Mari Pulang
Juli 25, 2014Baca Juga
*beberapa jam sebelum mulai meninggalkan kota menuju kampung halaman domisili kedua orang tua saya.
Sepi. Redaksi yang menjadi tempat saya bernaung telah ditinggalkan para penghuninya. Satu per satu, sejak kemarin, mereka pamit pulang ke kampung halamannya masing-masing. Sebentar lagi lebaran. Tak nyaman rasanya bila di hari raya yang sekali setahun itu tidak berkumpul bersama keluarga tercinta.
Saya pun demikian…
Saya akhirnya merindukan rumah. Merindukan keluarga. Merindukan semuanya. Setiap kali menyaksikan iklan-iklan lebaran di televisi, entah kenapa saya terbawa auranya. Betapa membahagiakannya bisa berkumpul dengan keluarga besar; ayah, ibu, saudara, paman, tante, kakek, nenek sembari mencicip sajian hari raya. Tapi itu mustahil. Kami tak punya kemampuan untuk pulang ke kampung halaman ayah dan ibu di Jawa.
Tahun kemarin, saya justru melewatkan dua perayaan lebaran (Idul Fitri dan Idul Adha) di kampung. Saya tak pulang. Saya menyengajainya. Bahkan untuk menelepon keluarga pun tidak. Beberapa sms dan panggilan telepon menghiasi waktu-waktu lebaran saya di kota. Ada sms makian, telepon dari nomor-nomor tak dikenal (yang saya abaikan saja), hingga permintaan untuk “kembali” pulang.
Beberapa hal yang dilalui memang patut dijadikan pelajaran, tidak sekadar kenangan indah atau pahit.
Tiga hari lagi jelang lebaran, esok lusa, saya akan pulang…

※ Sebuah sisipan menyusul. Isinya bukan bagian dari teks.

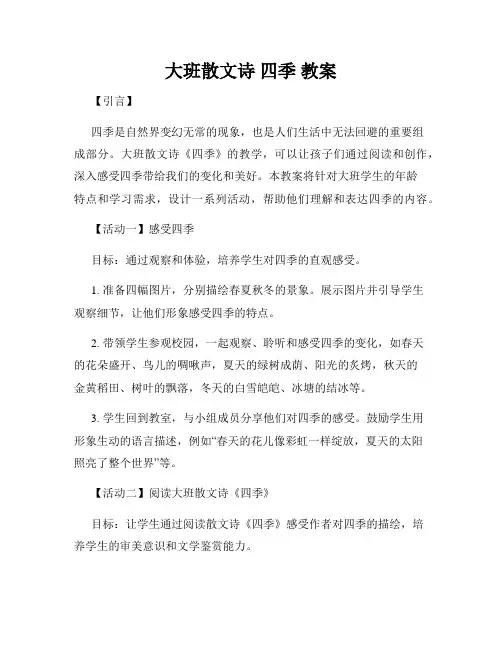 大班散文诗 四季 教案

Saya tak ingin melewatkan perayaan Idul Fitri kali ini. Saya pulang demi menepikan ego. Saya pulang menepis segala ketakpercayaan ayah. Adik saya, selalu menanti kepulangan kakaknya, meski tak menghadiahkannya apa-apa. Ia hanya mengharap seulas senyum dan sdikit perkataan menyebalkan dari kakaknya. Ibu pula yang selalu memiliki segudang harapan untuk anaknya tercinta. Seorang ibu yang tak mempelajari ilmu di sekolah, tapi ia tahu menyekolahkan anaknya lewat sekolah kehidupan.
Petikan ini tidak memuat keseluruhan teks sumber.